▶ **TO DO**: What should be copied is the stretch of entries below from the line with "May include: Beige" up to and including the line with "Woman holding antacid", exactly and without images.

▶ **Brief descriptive captions**:

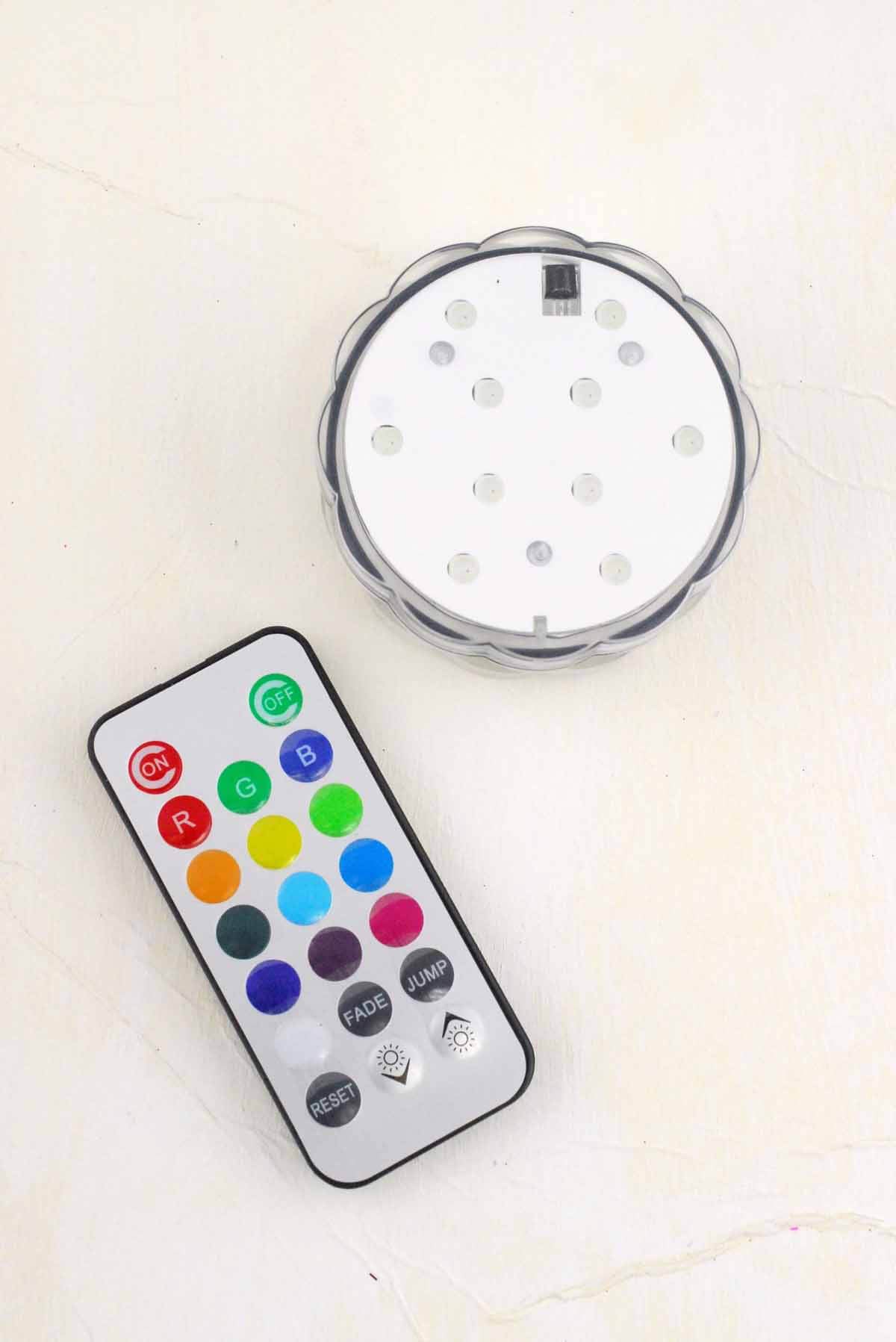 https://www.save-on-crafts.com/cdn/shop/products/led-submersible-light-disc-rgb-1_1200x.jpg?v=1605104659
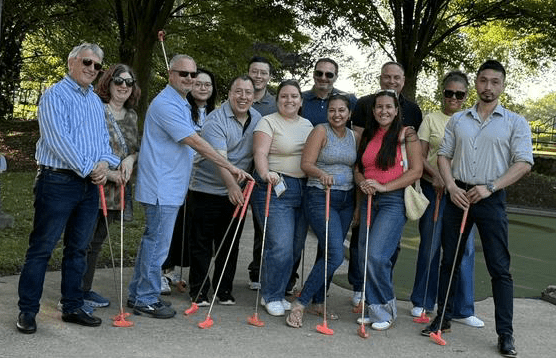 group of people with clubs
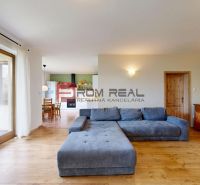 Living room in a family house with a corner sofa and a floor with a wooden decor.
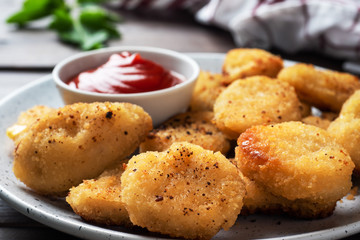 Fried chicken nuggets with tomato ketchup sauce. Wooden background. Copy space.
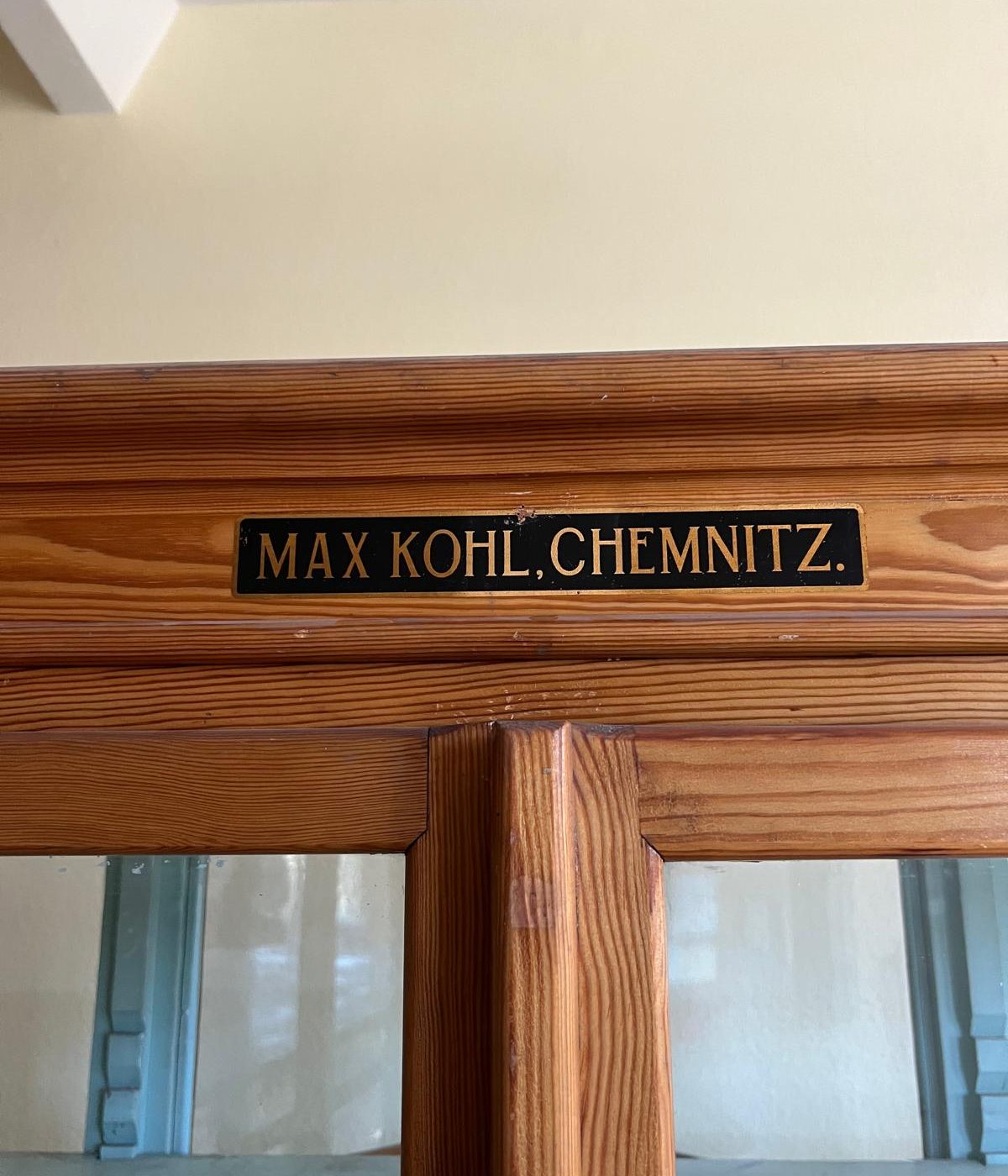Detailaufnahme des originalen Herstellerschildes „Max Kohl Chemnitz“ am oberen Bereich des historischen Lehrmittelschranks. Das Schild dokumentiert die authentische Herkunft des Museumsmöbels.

--

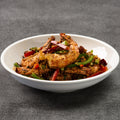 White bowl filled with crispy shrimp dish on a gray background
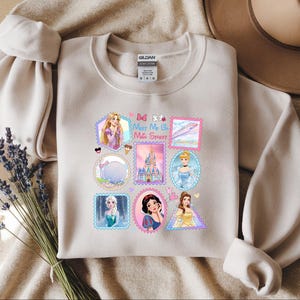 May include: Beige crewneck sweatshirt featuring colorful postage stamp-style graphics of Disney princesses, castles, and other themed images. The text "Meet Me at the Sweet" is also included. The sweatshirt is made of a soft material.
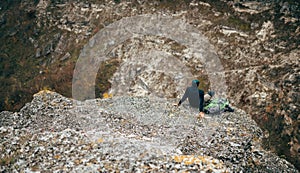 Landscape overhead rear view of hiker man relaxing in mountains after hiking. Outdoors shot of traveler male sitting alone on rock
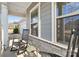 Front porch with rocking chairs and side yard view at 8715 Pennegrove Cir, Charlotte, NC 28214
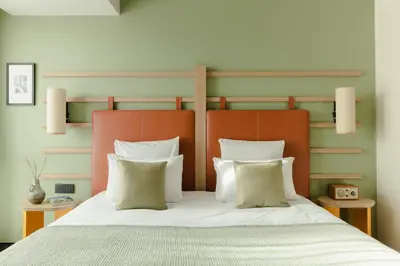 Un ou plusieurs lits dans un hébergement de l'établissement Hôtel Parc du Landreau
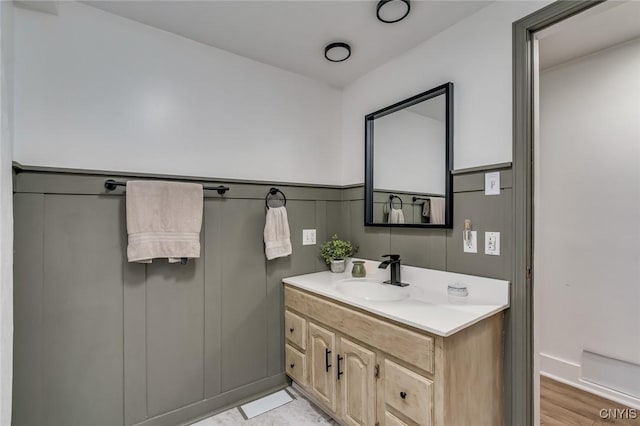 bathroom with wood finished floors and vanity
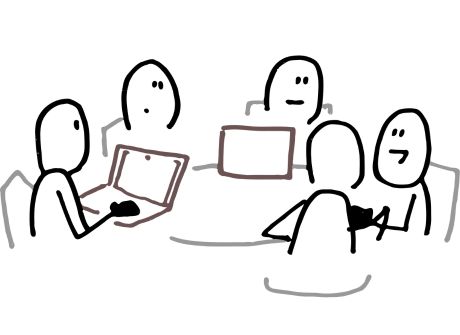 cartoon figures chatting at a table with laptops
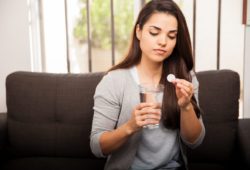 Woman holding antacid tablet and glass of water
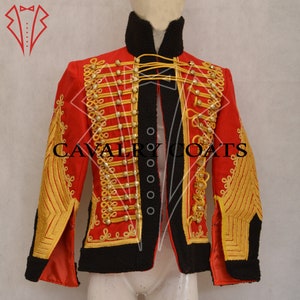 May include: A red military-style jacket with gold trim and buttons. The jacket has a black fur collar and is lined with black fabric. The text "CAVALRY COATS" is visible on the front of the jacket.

▶ **ANSWER BOX**:
 May include: Beige crewneck sweatshirt featuring colorful postage stamp-style graphics of Disney princesses, castles, and other themed images. The text "Meet Me at the Sweet" is also included. The sweatshirt is made of a soft material.
 Landscape overhead rear view of hiker man relaxing in mountains after hiking. Outdoors shot of traveler male sitting alone on rock
 Front porch with rocking chairs and side yard view at 8715 Pennegrove Cir, Charlotte, NC 28214
 Un ou plusieurs lits dans un hébergement de l'établissement Hôtel Parc du Landreau
 bathroom with wood finished floors and vanity
 cartoon figures chatting at a table with laptops
 Woman holding antacid tablet and glass of water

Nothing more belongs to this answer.